On 27 June 2018 the Dutch District Court of East Brabant rendered an interim judgment (ECLI:NL:RBOBR:2018:3170) on the limitation periods of damage claims initiated by a Turkish company Vestel Ticaret A.Ş. (Vestel) against various international companies which were members of the cathode ray tubes cartel (CRT Cartel). The Dutch Court accepted jurisdiction of the case as one of the defendants is located in the Netherlands (Koninlijke Philips Electronics NV (Philips)). It was concluded that the claim brought by Vestel was not time-barred according to Turkish law, which was deemed to be the applicable law by the Court.

The damage claims resulted from the Commission Decision of 5 December 2012, where Philips and seven other participants had infringed article 101 of the TFEU and article 53 of the EEA Agreement by having participated in the CRT cartel. The addressees of the decision fixed prices, allocated market shares and restricted output. The damage proceedings were initiated on 26 November 2014.

According to Turkish law, there is a subjective limitation period of one (article 60 TCO old) or two years (article 72 TCO new), depending on whether the new or old law of the Turkish Code of Obligations is applicable. There is also an objective limitation period of 10 years under both laws. The new law is applicable as from 1 July 2012. The claimants were arguing that the subjective limitation period starts from the actual knowledge of the damage and the identity of the liable person. Concretely, this would mean the day the Commission published its decision therefore the day of the press release which was on 5 December 2012. On the other hand, the defendants were of the opinion that Vestel should have been aware of the infringements before November 2012, meaning that the old law is applicable and that by November 2014, the claim is time-barred.

The Court followed the claimant’s argumentation and also stated that the defendant failed to demonstrate Vestel’s relevant knowledge of the claim before the publication of the press release. Accordingly, the Court concluded that the two-year limitation period started to run on 5 December 2012 and that the new limitation period of two years was applicable.

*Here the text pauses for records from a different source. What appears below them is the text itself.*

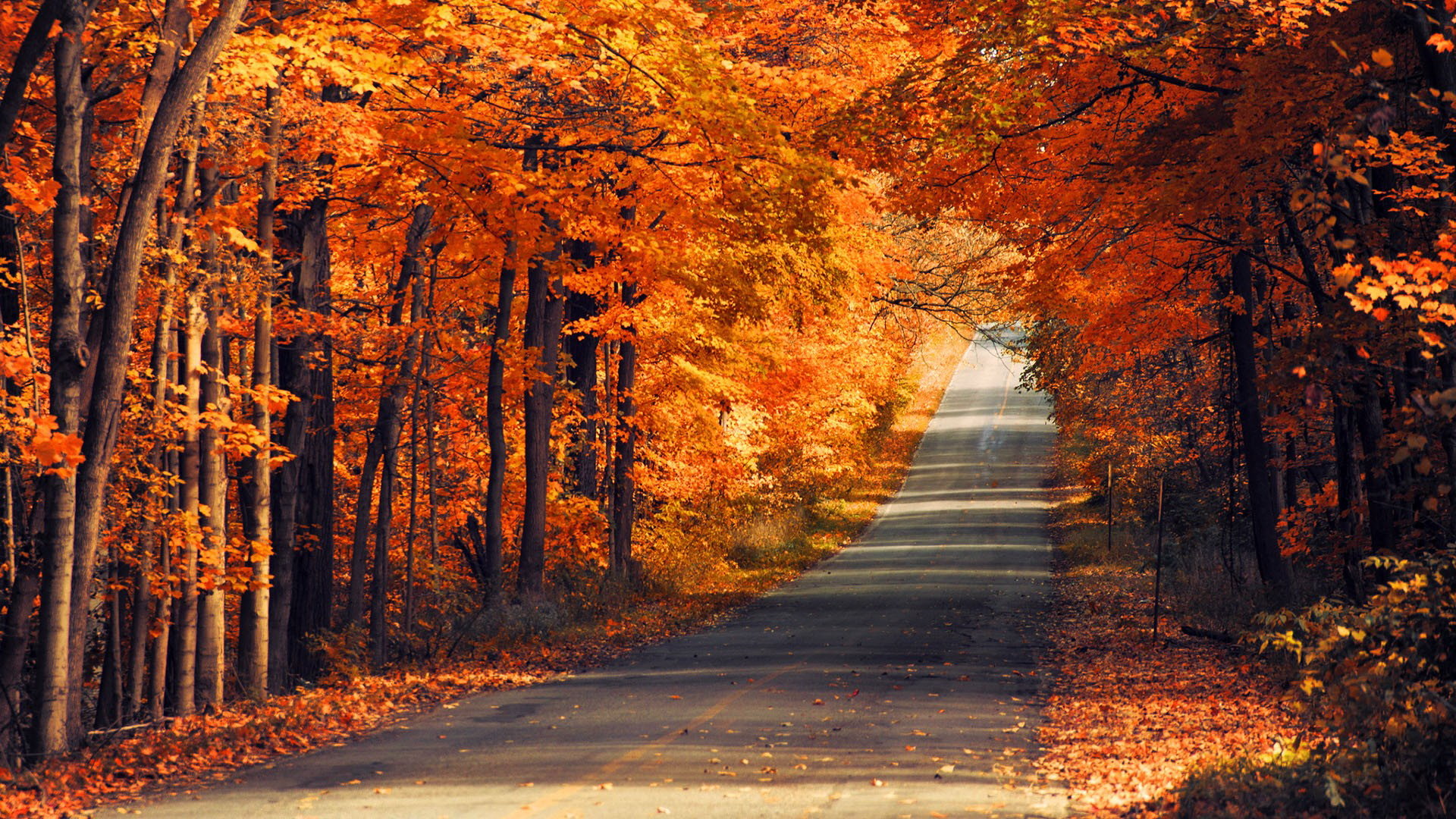 Awesome Road free wallpaper ID:491935 for full hd 1920x1080 desktop
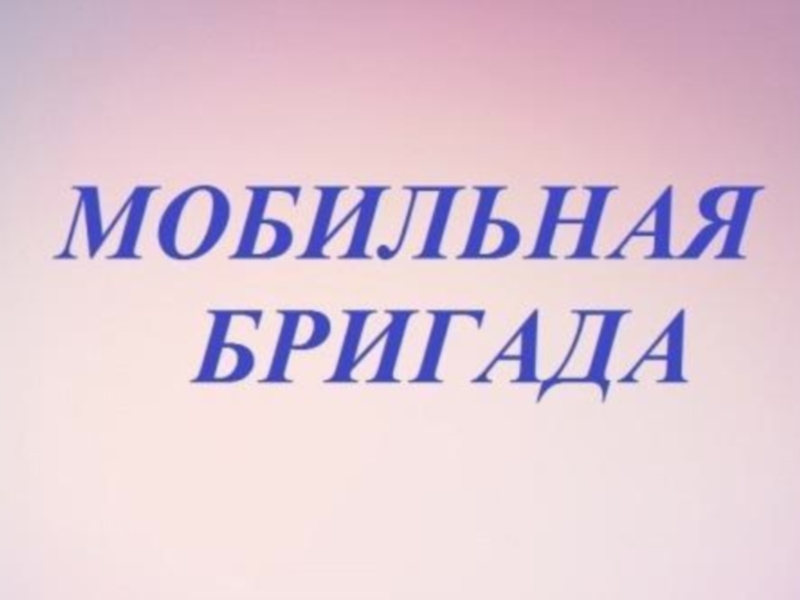 Мобильная бригада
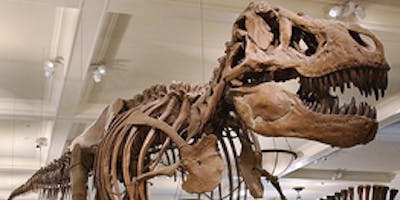 Kids Russian Tour at the Museum of Natural History (Dinosaurs) for 4 to 8 years olds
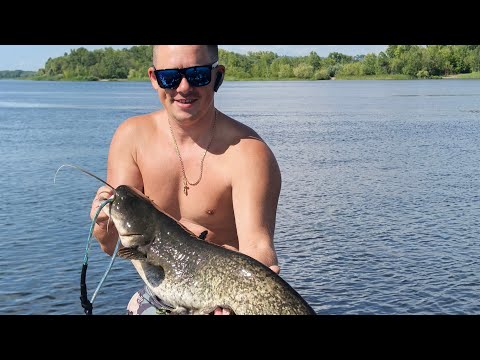 Видео: рыбалка с гостями из Рязани сом на квок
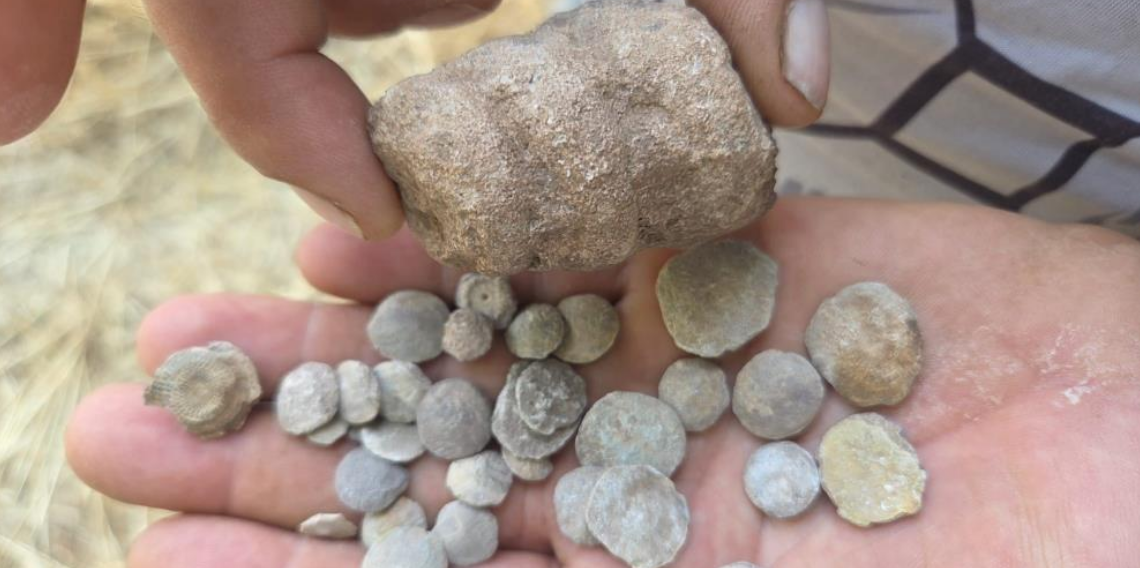 Tarladan bakliyat değil fosil fışkırdı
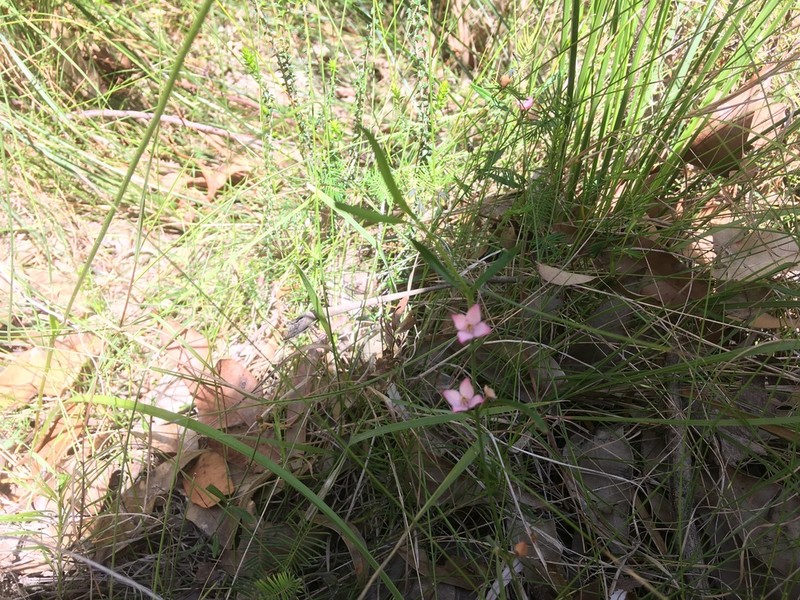 Cyanothamnus polygalifolius photo 6
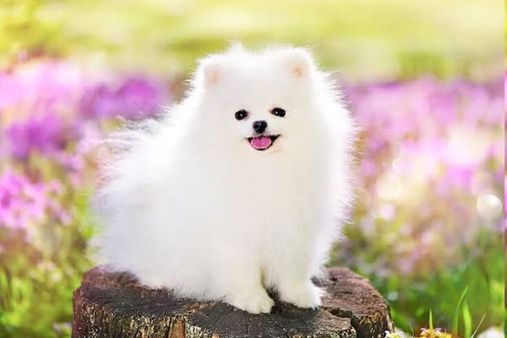 சில்லுன்னு ஒரு அனுபவம்.. அத்தியாயம் 25... 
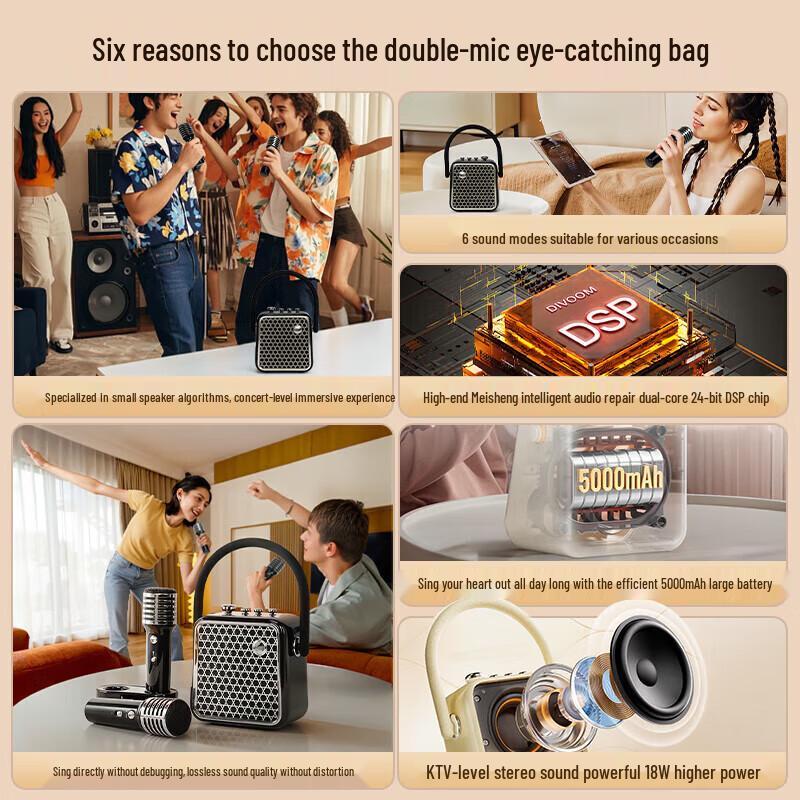 Dianyin SongBird-SE Home Karaoke Bluetooth Speaker with Dual Microphones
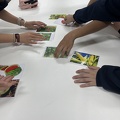 Oficinas Diversidade Vegetal em Foco - Foto Maria Fernanda Calió (8)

Regarding the application of the objective limitation period, the Court also followed the claimant’s reasoning and concluded that the objective limitation period starts to run from the moment the alleged cartel ended. This limitation period had not yet expired, as the cartel infringement terminated in November 2006.

Consequently, the Court held that the damage claim is not time barred under Turkish law and is therefore admissible. It still remains to be seen how the Court is going to assess the affectedness of the cartel and the quantification and allocation of damage among others. However, this judgment confirms that non-EU companies have standing to bring damage actions for the breach of EU competition law and that Dutch courts are willing to apply and assess the respective national law, even if the respective jurisdiction lies outside the EU so that EU law principles are not directly applicable.